_Exercise brief_
Omit all pictures. Quote the lines from the one with "Naklejka premium Sleek" through the end of the listing below, exactly as they appear.

_Task material_

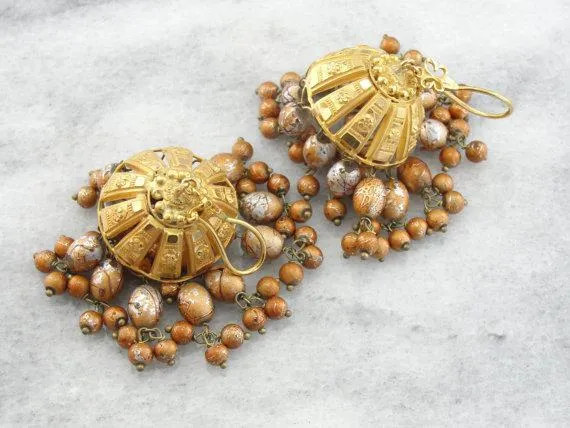 Handblown Glass Gold Chandelier Earrings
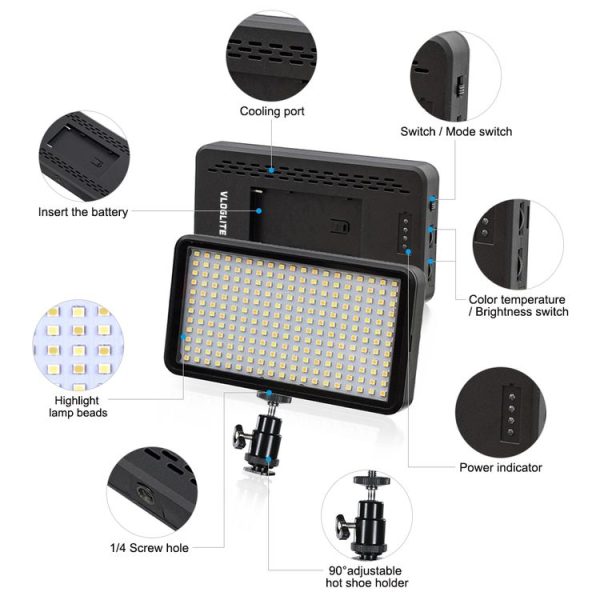 VLOGLITE W228 Dual Color Temperature Portable Photographic Fill Light High-Brightness Video Light - Image 4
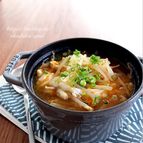 たっぷりもやしで大満足！豚こまカルビスープ風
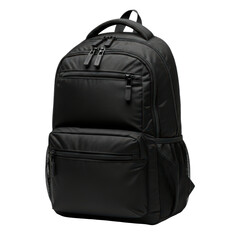 Naklejka premium Sleek black backpack with multiple pockets and zippers on transparent background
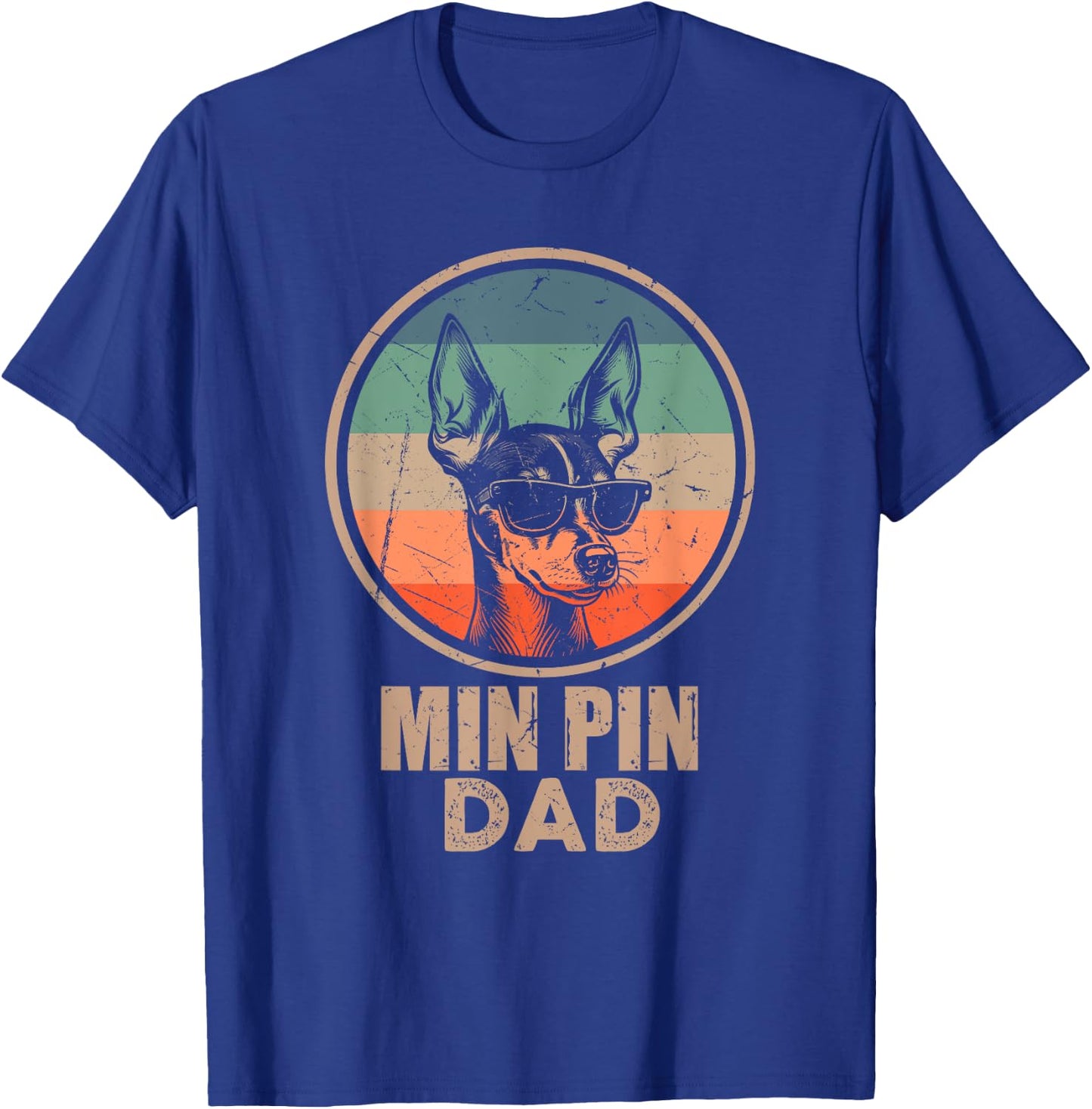 Vintage Min Pin Dog Dad Gifts Dad Dog Lover Xmas T-Shirt - T-Shirt | Royal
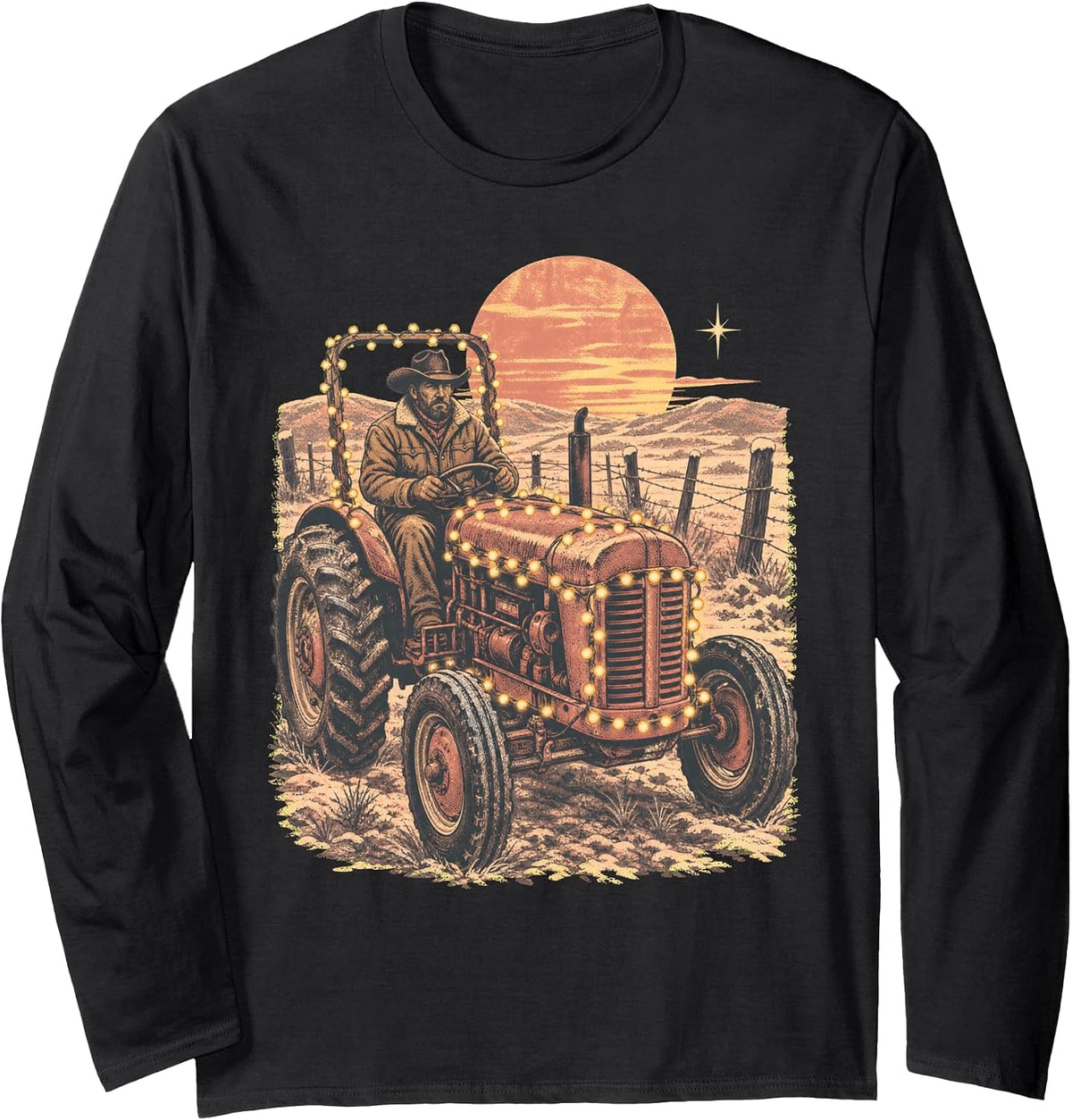 Christmas Tractor Farmer Country Western Long Sleeve T-Shirt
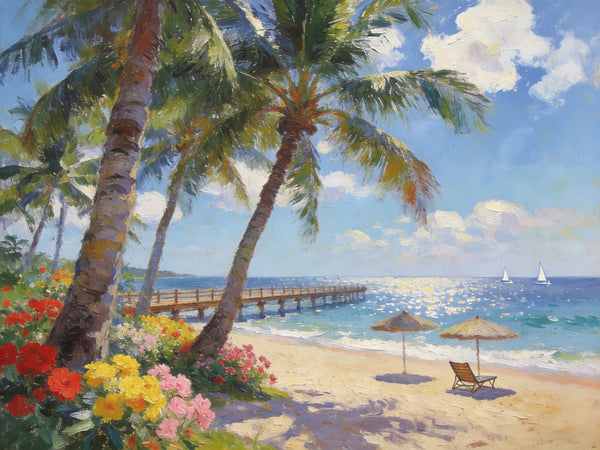 Canvas Wall Art Paintings, Ocean's Sandy Shore, Seashore Sunrise Paintings, Hand Painted Canvas Art, Landscape Canvas Paintings, Original Oil Paintings, Buy Oil Paintings Online-HomePaintingDecor
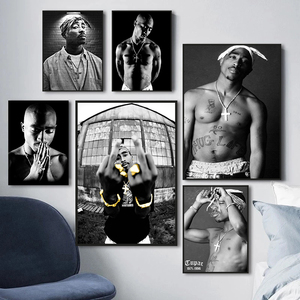 Peinture sur toile d'inspiration hip-hop, rappeur Tupac, chanteur <span class=keywords><strong>2PAC</strong></span>, légende du rap, noir et blanc, impressions sur toile, affiches, art, image, décoration murale - Product Image 1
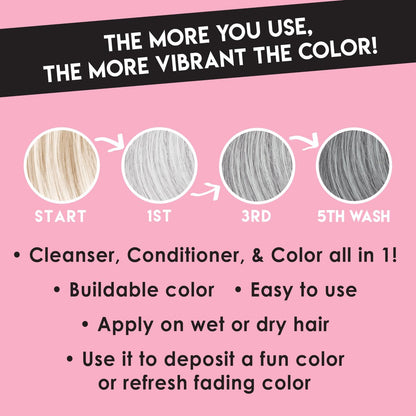 Color Lux Color Cleansing Conditioner - Silver - 3-in-1 Color Depositing Formula - Vegan, Sulfate-Free, Paraben-Free - 8.25 oz Avelisse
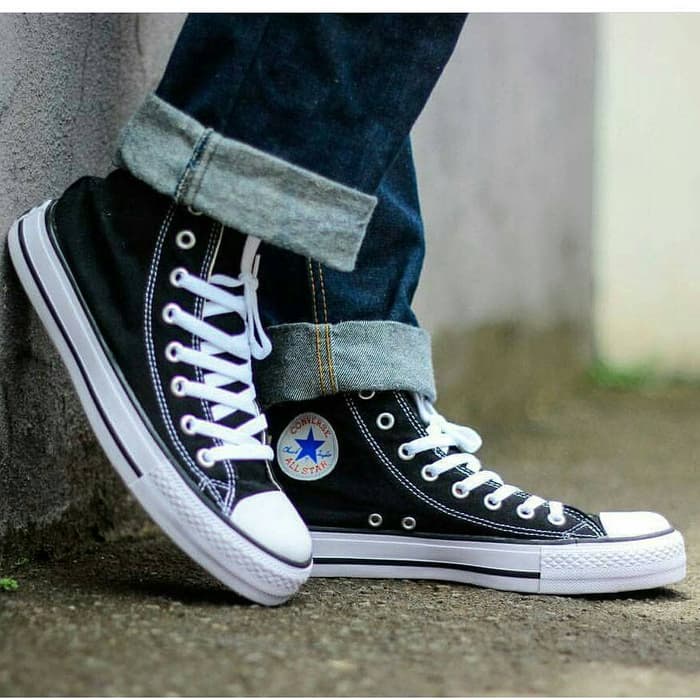 Terbaik Sepatu pria Allstar Chuck Taylor 2/All Star Ct 2 Premium/Allstar Jackpurcel - hitam petir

_Answer to this task_
 Naklejka premium Sleek black backpack with multiple pockets and zippers on transparent background
 Vintage Min Pin Dog Dad Gifts Dad Dog Lover Xmas T-Shirt - T-Shirt | Royal
 Christmas Tractor Farmer Country Western Long Sleeve T-Shirt
 Canvas Wall Art Paintings, Ocean's Sandy Shore, Seashore Sunrise Paintings, Hand Painted Canvas Art, Landscape Canvas Paintings, Original Oil Paintings, Buy Oil Paintings Online-HomePaintingDecor
 Peinture sur toile d'inspiration hip-hop, rappeur Tupac, chanteur <span class=keywords><strong>2PAC</strong></span>, légende du rap, noir et blanc, impressions sur toile, affiches, art, image, décoration murale - Product Image 1
 Color Lux Color Cleansing Conditioner - Silver - 3-in-1 Color Depositing Formula - Vegan, Sulfate-Free, Paraben-Free - 8.25 oz Avelisse
 Terbaik Sepatu pria Allstar Chuck Taylor 2/All Star Ct 2 Premium/Allstar Jackpurcel - hitam petir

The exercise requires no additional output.